▸ TASK REQUIREMENTS
Return a faithful copy of all the entries, omitting the images.
··· GIVEN DATA
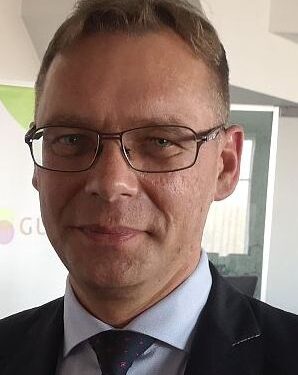 Robert Pluta, wójt gminy Padew Narodowa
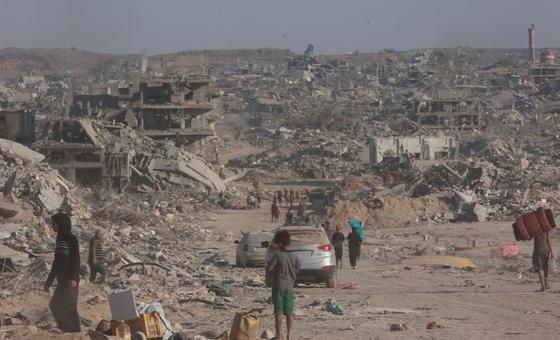 ग़ाज़ा युद्धविराम समझौता, शान्ति के लिए दुर्लभ अवसर व रास्ता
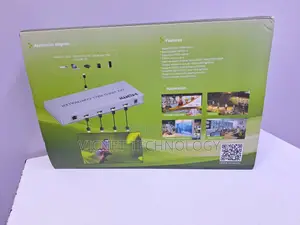 2X2 Video Wall Controller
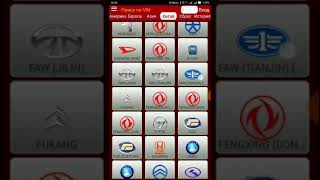 Активация всех марок автомобилей для Easydiag /Activation all car brands for Easydiag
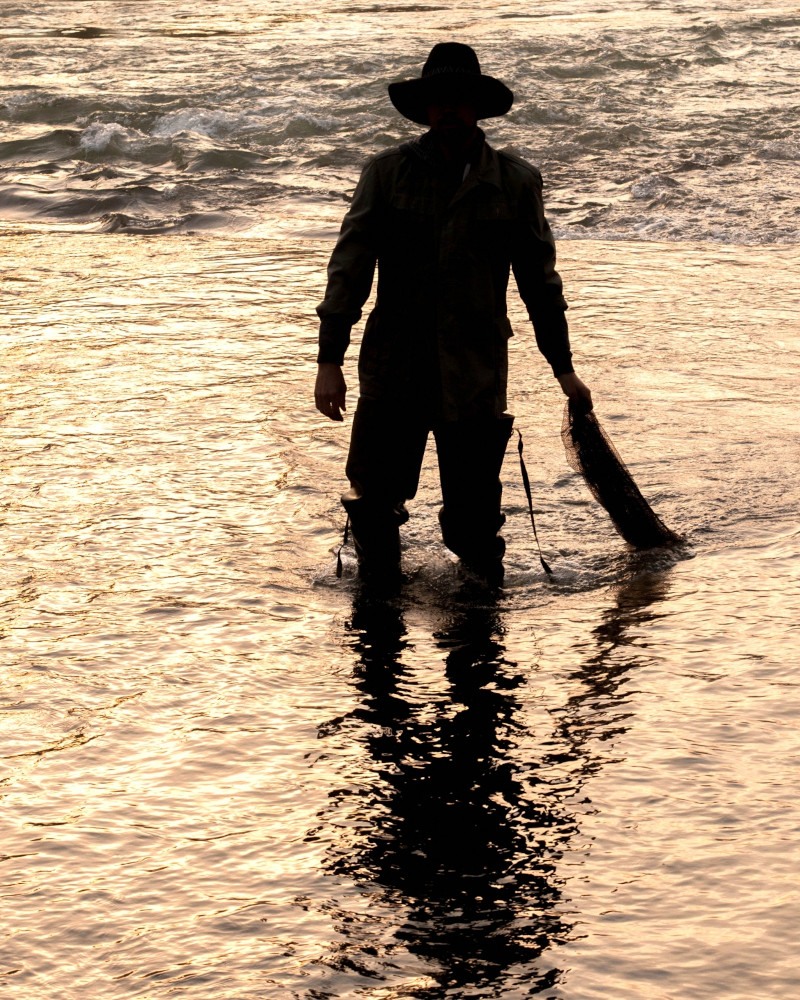 Fishing scene Hakodate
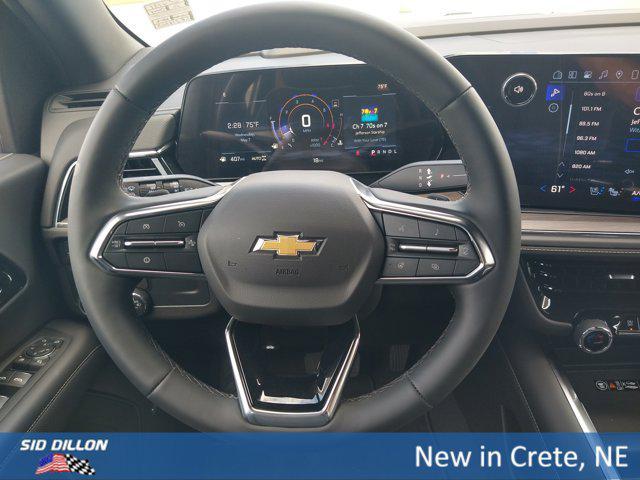 new 2025 Chevrolet Suburban car, priced at $82,790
······
▸ OUTPUT
 Robert Pluta, wójt gminy Padew Narodowa
 ग़ाज़ा युद्धविराम समझौता, शान्ति के लिए दुर्लभ अवसर व रास्ता
 2X2 Video Wall Controller
 Активация всех марок автомобилей для Easydiag /Activation all car brands for Easydiag
 Fishing scene Hakodate
 new 2025 Chevrolet Suburban car, priced at $82,790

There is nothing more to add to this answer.